◆ **EXTRACTED RECORDS**
□ □ □
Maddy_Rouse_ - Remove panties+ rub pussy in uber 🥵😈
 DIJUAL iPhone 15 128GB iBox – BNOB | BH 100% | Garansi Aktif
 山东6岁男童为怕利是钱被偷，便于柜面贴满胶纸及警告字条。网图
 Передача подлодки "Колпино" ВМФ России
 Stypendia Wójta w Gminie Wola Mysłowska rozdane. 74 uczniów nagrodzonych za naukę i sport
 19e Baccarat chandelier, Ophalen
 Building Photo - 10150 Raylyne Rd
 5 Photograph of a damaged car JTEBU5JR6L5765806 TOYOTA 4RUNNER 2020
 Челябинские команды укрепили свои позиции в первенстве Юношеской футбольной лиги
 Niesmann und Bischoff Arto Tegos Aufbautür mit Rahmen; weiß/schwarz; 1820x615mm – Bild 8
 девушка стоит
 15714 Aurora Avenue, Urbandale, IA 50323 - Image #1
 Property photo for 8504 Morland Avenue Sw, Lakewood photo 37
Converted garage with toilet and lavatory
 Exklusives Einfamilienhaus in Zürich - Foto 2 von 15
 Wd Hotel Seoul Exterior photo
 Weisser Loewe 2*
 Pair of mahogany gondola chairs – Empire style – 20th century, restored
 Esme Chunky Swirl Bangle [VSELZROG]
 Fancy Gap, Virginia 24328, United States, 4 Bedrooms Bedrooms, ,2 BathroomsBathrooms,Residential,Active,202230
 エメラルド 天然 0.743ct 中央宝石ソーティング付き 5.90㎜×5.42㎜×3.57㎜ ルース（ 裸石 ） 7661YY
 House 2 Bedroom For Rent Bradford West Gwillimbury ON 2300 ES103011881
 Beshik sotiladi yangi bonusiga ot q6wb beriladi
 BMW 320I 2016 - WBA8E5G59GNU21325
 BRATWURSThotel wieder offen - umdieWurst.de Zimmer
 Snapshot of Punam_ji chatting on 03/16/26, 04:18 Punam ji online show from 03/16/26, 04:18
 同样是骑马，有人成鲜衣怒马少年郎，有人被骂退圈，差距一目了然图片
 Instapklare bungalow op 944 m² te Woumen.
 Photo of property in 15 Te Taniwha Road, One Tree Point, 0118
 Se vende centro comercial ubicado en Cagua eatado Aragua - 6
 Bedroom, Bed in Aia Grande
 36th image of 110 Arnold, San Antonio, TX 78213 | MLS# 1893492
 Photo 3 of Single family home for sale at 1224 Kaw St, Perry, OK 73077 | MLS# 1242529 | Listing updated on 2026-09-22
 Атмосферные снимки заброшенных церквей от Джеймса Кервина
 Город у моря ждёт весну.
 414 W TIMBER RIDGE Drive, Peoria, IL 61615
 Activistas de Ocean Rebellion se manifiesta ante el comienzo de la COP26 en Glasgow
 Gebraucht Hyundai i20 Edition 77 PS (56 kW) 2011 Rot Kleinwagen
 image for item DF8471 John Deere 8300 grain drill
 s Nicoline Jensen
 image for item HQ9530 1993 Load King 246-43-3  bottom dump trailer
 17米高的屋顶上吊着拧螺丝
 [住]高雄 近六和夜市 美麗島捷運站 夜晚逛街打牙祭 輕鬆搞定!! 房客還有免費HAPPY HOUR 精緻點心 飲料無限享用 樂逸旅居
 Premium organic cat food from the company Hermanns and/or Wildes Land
□ □ □
◆ **THE TASK**
Work through the records above. Copy every line with the string "from".

◆ **EXERCISE SOLUTION**
 Snapshot of Punam_ji chatting on 03/16/26, 04:18 Punam ji online show from 03/16/26, 04:18
 Premium organic cat food from the company Hermanns and/or Wildes Land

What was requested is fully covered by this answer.